The suspended actors also add an element of levity to a work with themes of drug addiction, displacement and creative genius.
“Of course there are some sad things about anguish and lack of self-confidence and pain and suffering,” Labrèche tells InDaily.
“But the play itself is, like, you see two guys in the air talking, spinning [on harnesses] … so it adds a lot of lightness.
“And it’s fun to do; it’s fun to be suspended and just doing some flickbacks and talking while we have our heads upside down, and people laugh because of that, and still I think they’re moved by the wonderful text and the scenography and the feeling of the show.”

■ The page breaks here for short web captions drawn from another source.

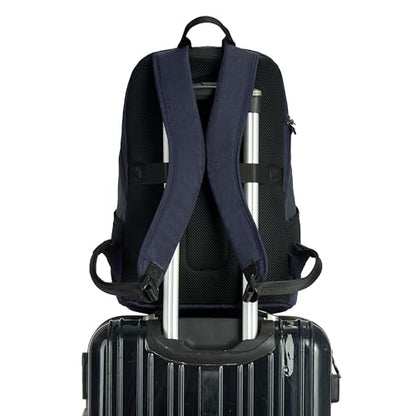 Travelon Anti-Theft Metro Backpack with RFID blocking pouch - color: Navy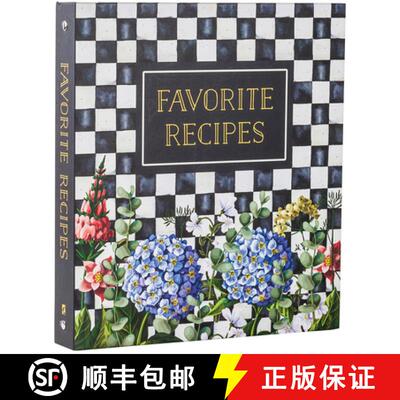 【3-4周达】精装 Deluxe Recipe Binder - Favorite Recipes (Hydrangea) - Write in Your Own Recipes [9781645586883]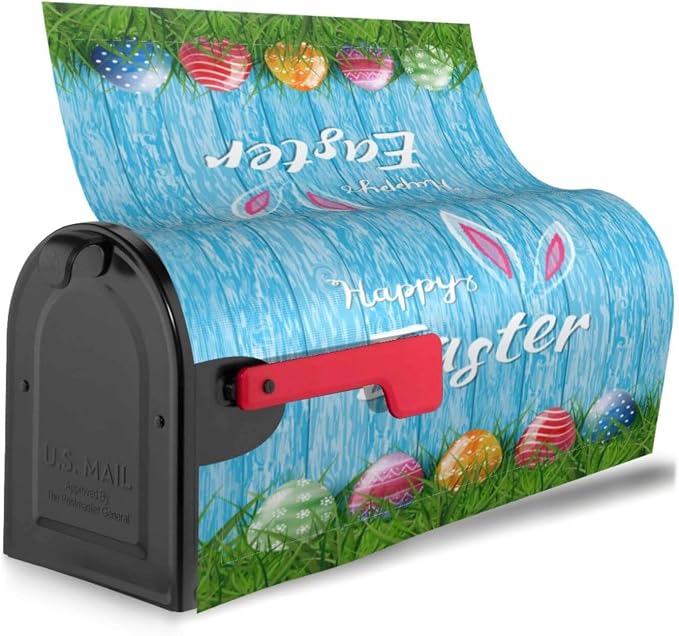 Ouqiuwa Easter Bunny Welcome Magnetic Mailbox Cover - Image 3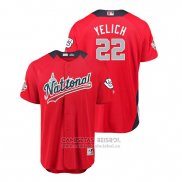 Camiseta Beisbol Hombre All Star Milwaukee Brewers Christian Yelich 2018 Home Run Derby National League Rojo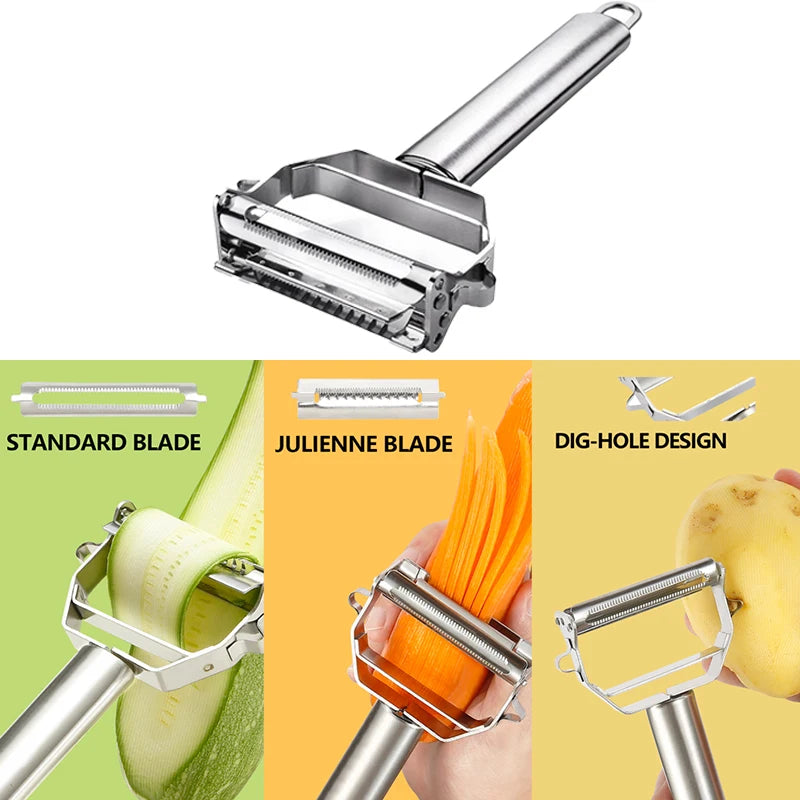 2-in-1 Rotary Vegetable Peeler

Needles and Opium is presented as a series of vignettes inspired by the stories of opium-addicted French poet and film-maker Jean Cocteau, who visited New York in 1949, and heroin-dependent American jazz player Miles Davis, who stayed in Paris at the same time. Forty years later, their pain is echoed by the emotional torment of a lonely Quebec man called Robert, who is also at a hotel in Paris, trying to forget his ex-lover.
Asked if there is a central message about the link between pain, addiction and creative genius, Labrèche says: “Of course pain, addiction and creativity and genius are beautiful things for theatre and for building a play and a character, but it’s a very romantic ideal; the thing is, the truth is that Robert was heartbroken when he created the show and it was really the story about a young 30-year-old man at that time who was in Paris and in a hotel room to try to cope with his pain …

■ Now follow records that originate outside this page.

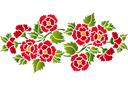 Ruusut sablonit - Kukka koristekimppu 031c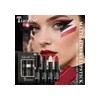 3 Regalos De Lápiz Labial Mate En Negro, Impermeables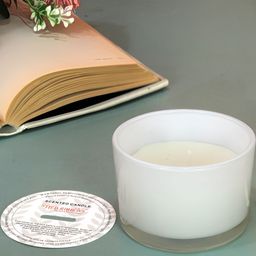 TIED RIBBONS White Sea Salt Lychee Scented 10-12 Hours Burn Time Jar Candle-picture-27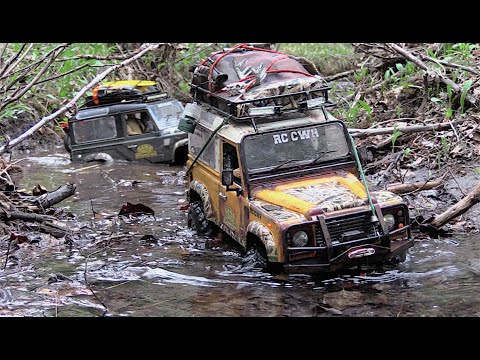 RC CWR D-90 Bayou Boyz - take on the swamp trails of Kananaskis with 2 RC4WD Gelande 2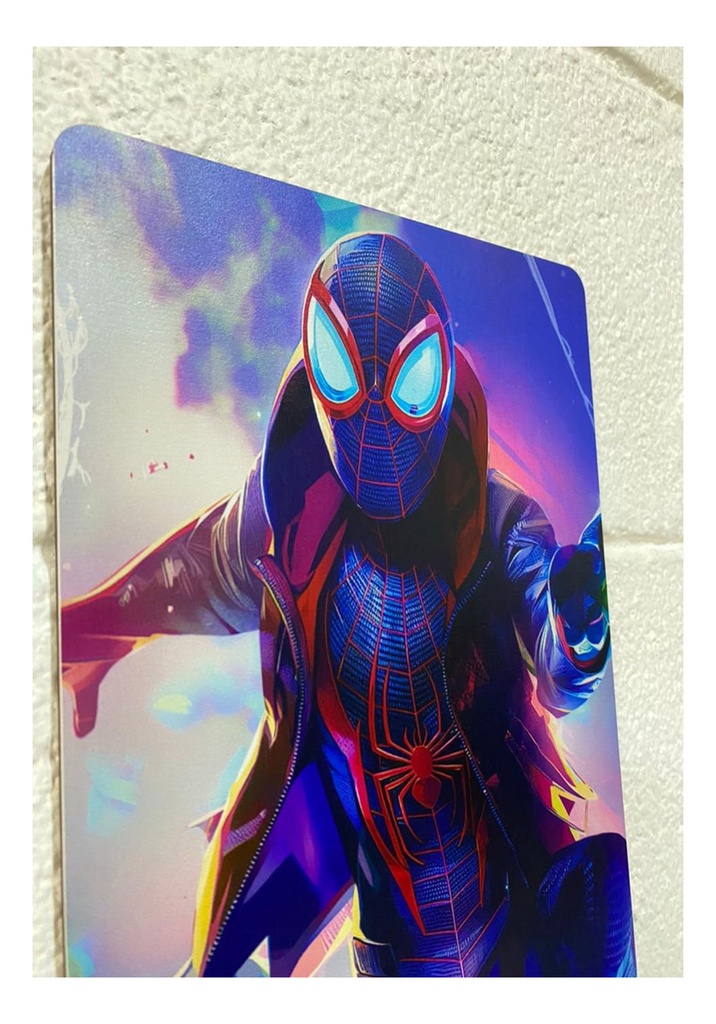 Cuadro Decorativo Spiderman 20x30 Impresión En Mdf 3mm M01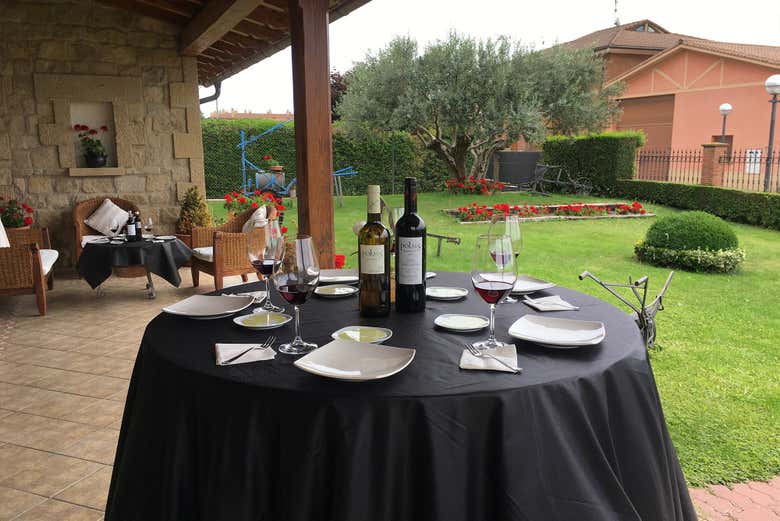 Table pour l'apéritif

“There’s a question at the end of the play: If you don’t have Miles Davis’s or John Cocteau’s genius, how do you cope with your pain? How can you transform your sadness and your pain and make it creative and beautiful? That would be the main question of this version of the play now.”

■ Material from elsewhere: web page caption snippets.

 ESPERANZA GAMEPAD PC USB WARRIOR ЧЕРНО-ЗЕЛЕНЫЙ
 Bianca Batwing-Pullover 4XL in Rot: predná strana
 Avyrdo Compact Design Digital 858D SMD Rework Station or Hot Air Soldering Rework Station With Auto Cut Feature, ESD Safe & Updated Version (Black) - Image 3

When Labrèche first acted in the play 20 years ago, he was fascinated by the synchronicity of the stories of Cocteau and Davis – how Cocteau was visiting New York at the same time Davis was in Paris, and the similarity of their experiences.
The actor was especially entranced by Cocteau’s Lettre aux Americains (Letter to Americans), which he wrote on his way home, recounting his impressions of New York and American people.
“They were very strong letters and very strong ideas which 20 years later [after the first production of Needles and Opium] you understand very differently.
“I wanted to revisit that because it was still appealing to me … John Cocteau asks the good questions about what’s the purpose of all this, do you need to suffer to be creative, what’s the point of love in life?
“All those stories are still very interesting to me and it’s still very romantic and it’s still very important to me at 50, even if I’ve lost some dreams since I was 20 years old.”
There is also a certain synchronicity in Labrèche’s involvement with the play. He has been a fan of Cocteau for many years, having grown up in Montreal at a time when the filmmaker was very popular and many of his movies were being shown in the cinema. Labrèche’s father was also an actor from the French school of acting after World War II, at which time Cocteau was a strong influence.
“It’s like a family story, this love for John Cocteau,” he says.
“When I was reading the Letter to Americans that he wrote and that inspired Robert Lepage to create the play, it was like meeting someone I knew already.”
Needles and Opium will be presented at the Dunstan Playhouse at the Adelaide Festival Centre from March 13-16 as part of the Adelaide Festival.